A storm system hovering over North Pacific is expected to unleash heavy rain, thunderstorms, and mountain snow across California
Massive waves, towering up to 25 feet high, relentlessly crashed upon California’s shores, leaving a trail of havoc from Los Angeles down to southern Oregon.
The West Coast faced severe flooding, littering beaches with debris and logs, disrupting roads as far north as Oregon.
These massive waves began pounding the coast on Thursday, flooding beaches in Los Angeles and spreading chaos as far north as southern Oregon. Logs scattered along roads served as stark reminders of the powerful onslaught.
The extreme waves are the result of potent cyclones over the North Pacific combined with unusually high tides, setting the stage for hazardous conditions along the coastline.
The National Weather Service in Los Angeles described it as an unprecedented event not witnessed in many years. Although conditions briefly improved on Friday, forecasters are anticipating another surge in wave intensity on Saturday with a second powerful swell on the horizon.
Ariel Cohen from the Weather Service’s Los Angeles office warned of life-threatening situations at the beaches, urging everyone to stay away from the water and brace for coastal flooding.
Emergency responders have already conducted multiple ocean rescues in Southern California. High-surf warnings, ranging from 15 to 25 feet, remain in place for various counties, with coastal flood warnings and advisories issued until the weekend.
Climate change might also be playing a role in these heightened sea levels, as noted by UCLA climate scientist Daniel Swain. He suggested that rising sea levels, possibly linked to the ongoing strong El Niño, could be contributing to the inundation experienced in parts of California.
Moreover, while the waves arrived during fair weather on Thursday, rain is forecasted for parts of the state on Friday and the weekend, potentially worsening the flooding.
Dalton Behringer from the National Weather Service’s Bay Area Office explained that smaller creeks and streams along the coast aren’t draining as swiftly as usual due to the coastal run-up, further exacerbating the situation.
Looking ahead, a storm system hovering over the North Pacific is expected to unleash heavy rain, thunderstorms, and mountain snow across California.

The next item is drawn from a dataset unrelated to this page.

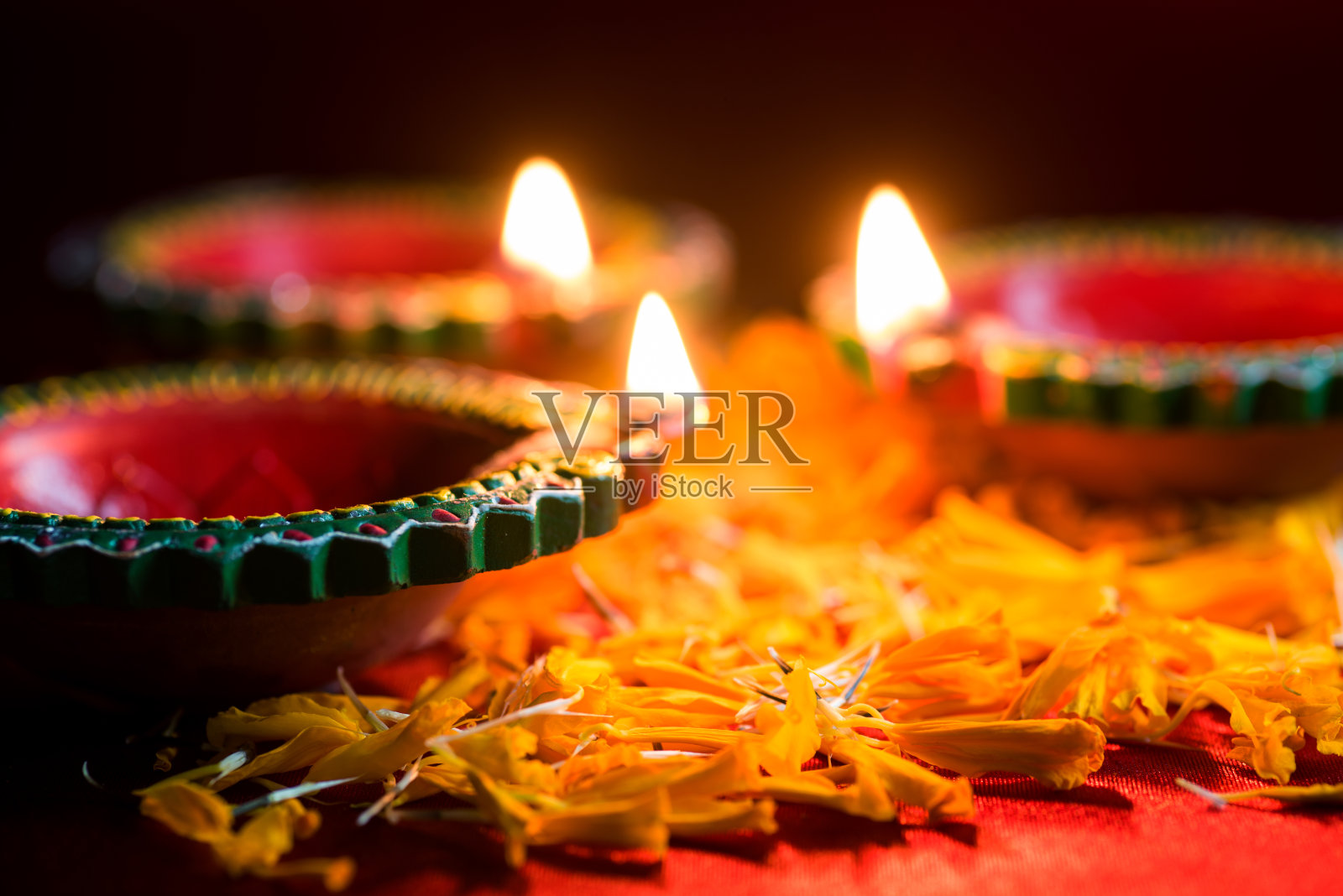 快乐的排灯节-粘土Diya灯点燃在排灯节庆祝。印度排灯节的问候卡设计照片摄影图片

Northern regions could see rainfall ranging from half an inch to nearly 5 inches in some coastal mountain areas, with up to 18 inches of snow projected for higher Sierra peaks.
Given the vulnerability of coastal communities still reeling from past flooding events, this ongoing assault of nature serves as a stark warning for potential future flooding, necessitating vigilant preparedness and caution among residents and authorities alike.